President Lula, aged 80, is ahead in polls and considered one of this century’s most successful politicians. From factory worker to union leader to party founder, he made redistribution central to Brazilian democracy. Extreme poverty fell from 30 million in 2002 to under 7 million today. He governed from 2003 to 2011 and returned in 2023 after corruption convictions were annulled.

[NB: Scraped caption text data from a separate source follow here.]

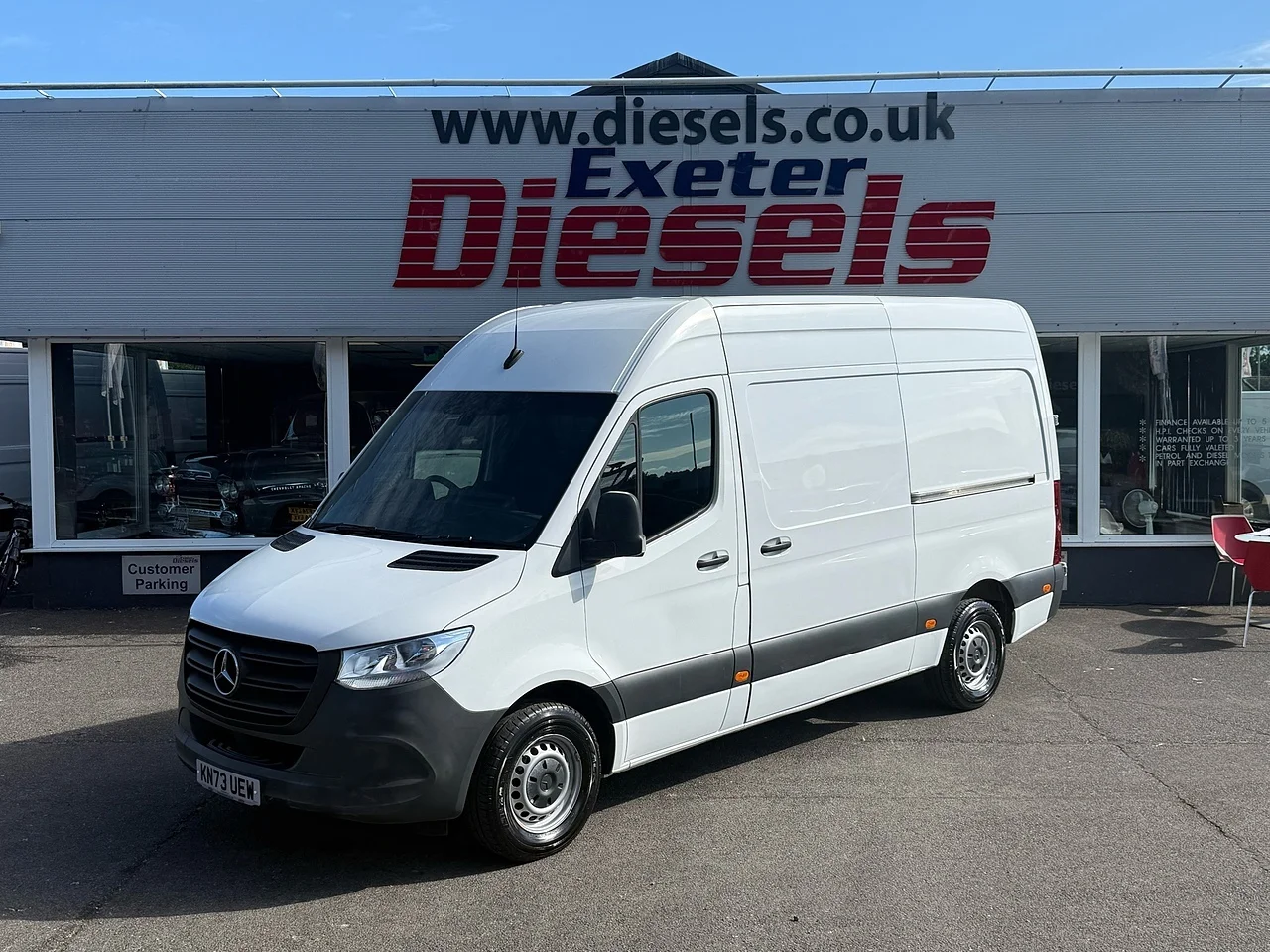 2023 Mercedes-Benz Sprinter 315 CDI Progressive L2H2 - Image 1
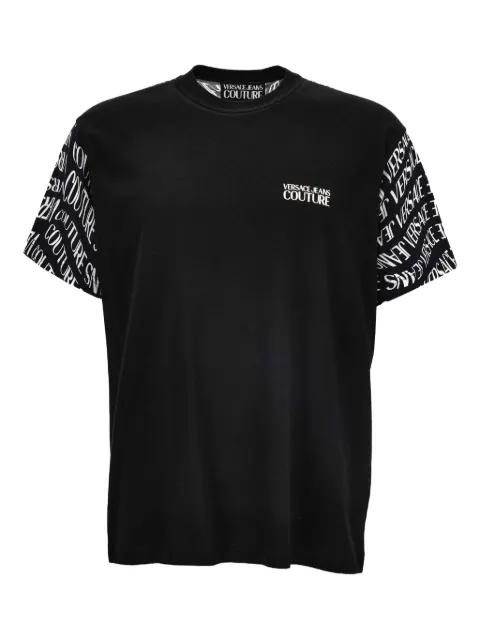 Liquify logo-print T-shirt by VERSACE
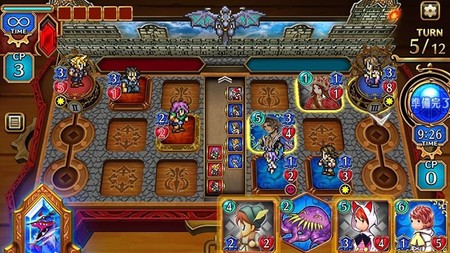 Final Fantasy Digital Card Game quiere ser la evolución online de Triple Triad y Tetra Master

Trump rejects Lula’s push for Brazilian sovereignty. Lula wants Brazil to police anti-democratic disinformation, while Trump argues the US should have jurisdiction over Brazil’s information sphere. Another sovereignty issue concerns Brazil’s financial plumbing, specifically the Pix payments system.

Pix Payments System

Brazil’s Pix system allows instant payments between individuals, businesses, and government entities. In 2025, its total transaction volume reached $6.7tn. Like India, Brazil built this digital public infrastructure to reduce reliance on foreign-controlled payment networks and insulate domestic payments from external pressure or sanctions, effectively bypassing Visa and Mastercard-style systems and threatening their profits.

According to economist Andres Arauz, a former minister in Ecuador’s left government, payments are data. Routed through US-linked networks, they become tools of surveillance and pressure. Kept national, they become infrastructure for sovereign AI development.

The real offence, the editorial argues, is not protectionism but autonomy. Brazil built a public payments system and asserted jurisdiction over US tech platforms. Trump has recast that sovereignty as unfair commercial discrimination, and Bolsonarism is willing to play along.